Before we configure the chassis cluster configuration, it is very important to understand some of the terminology and key components used to configure the chassis cluster. So this article is written in a way that it has some “what is” and “how to” questions and related answers. Let’s get started.

1. Pre-requisite

Same hardware and software required (In this case, we have two SRX 1500 with identical hardware components and both of them are running 15.1X49-D50 code)
- Make sure, both units are the same model, running the same code version and have the same modules installed.
Physically connect two devices together to create the control and fabric links.
- On the SRX 1500, There is a dedicated HA Control port; Connect both HA control ports from respective devices together to form control link.
- In this example, I used last unused port (e.g. Ge-0/0/11) for Fabric link; Connect both Ge-0/0/11 from respective devices together to form Fabric link.
- NOTE: Clustered SRXs share the same IP address for an individual interface.

This is how both SRX-1500s are cabled, and this article this diagram can be used as a reference.
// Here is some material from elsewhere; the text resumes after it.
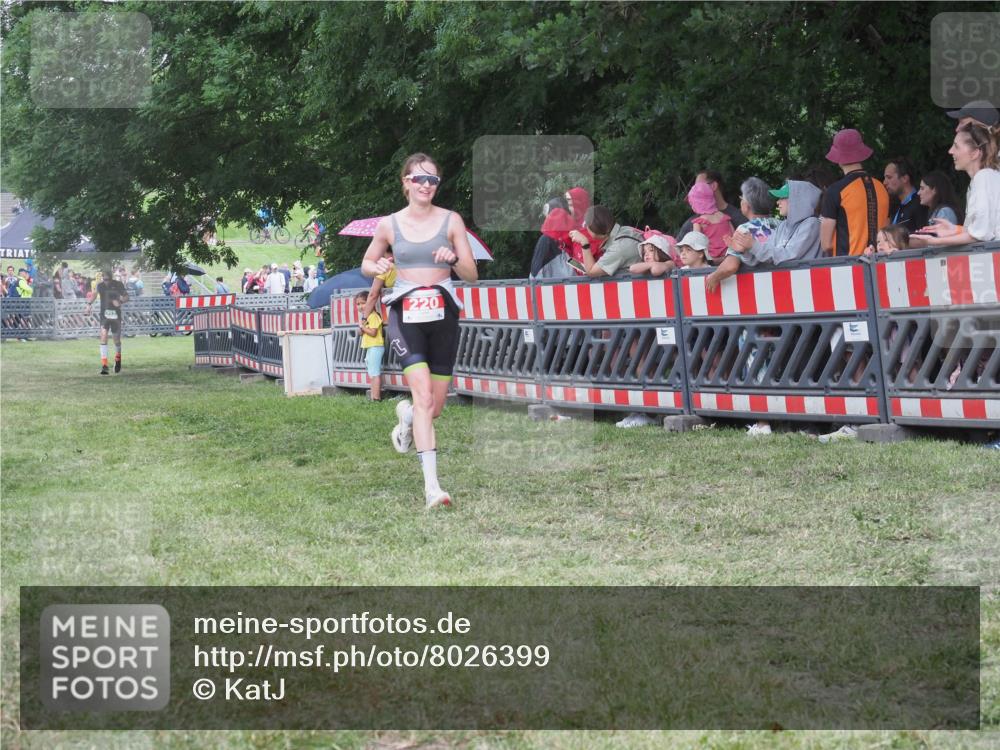 21.06.2025 - 27. Vierlanden-Triathlon KatJ http://msf.ph/oto/8026399 15.06.2025 13:29:30 Ziel 220, 717 meine-sportfotos.de
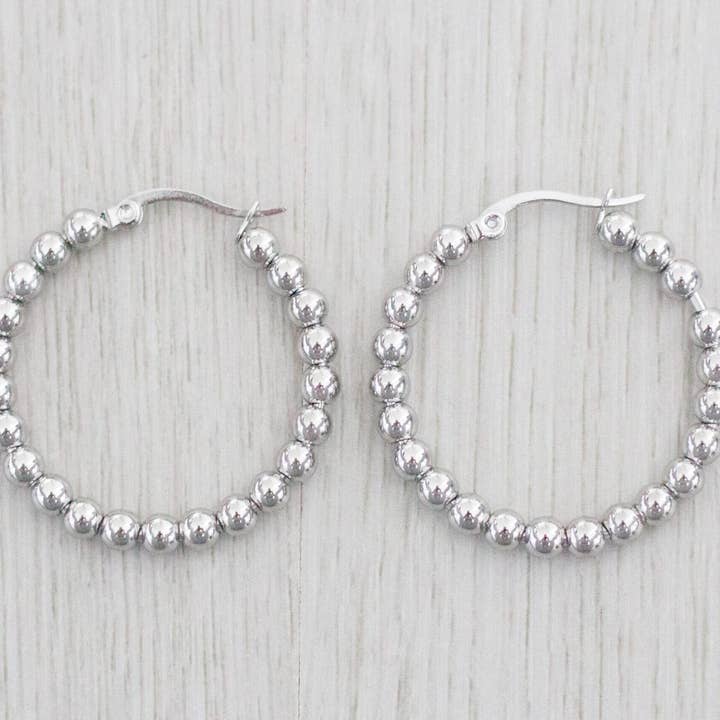 Boucles d'oreilles créoles perlées pour la vente par Gemz By Emz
1a. What is the use of control link (Control Plane)?

The control link

is used to synchronize the kernel state between the two REs (using daemon called ksyncd)
is used to send hello messages between them (using daemon called jsrpd)
is used to synchronize configuration
is always in an active/backup state. This means only one RE (Route-Engines) can be the master of the cluster’s configuration and state. If the primary RE fails, the secondary takes over for it.

1b. What is the use of Fabric link (Data Plane)?

The fabric link

is used for state synchronization. The state of sessions and services is shared between the two devices. Sessions are the state of the current set of traffic that is going through the SRX, and services are other items such as the VPN, IPS, and ALGs.
operates in active/active mode. so it is possible for traffic to ingress the cluster on one node and egress from the other node.

2. How to enable the cluster mode?

Set the devices into cluster mode with the following command and reboot the devices.
Note: this is an operational mode and not a configure mode command. (run it from > and not #)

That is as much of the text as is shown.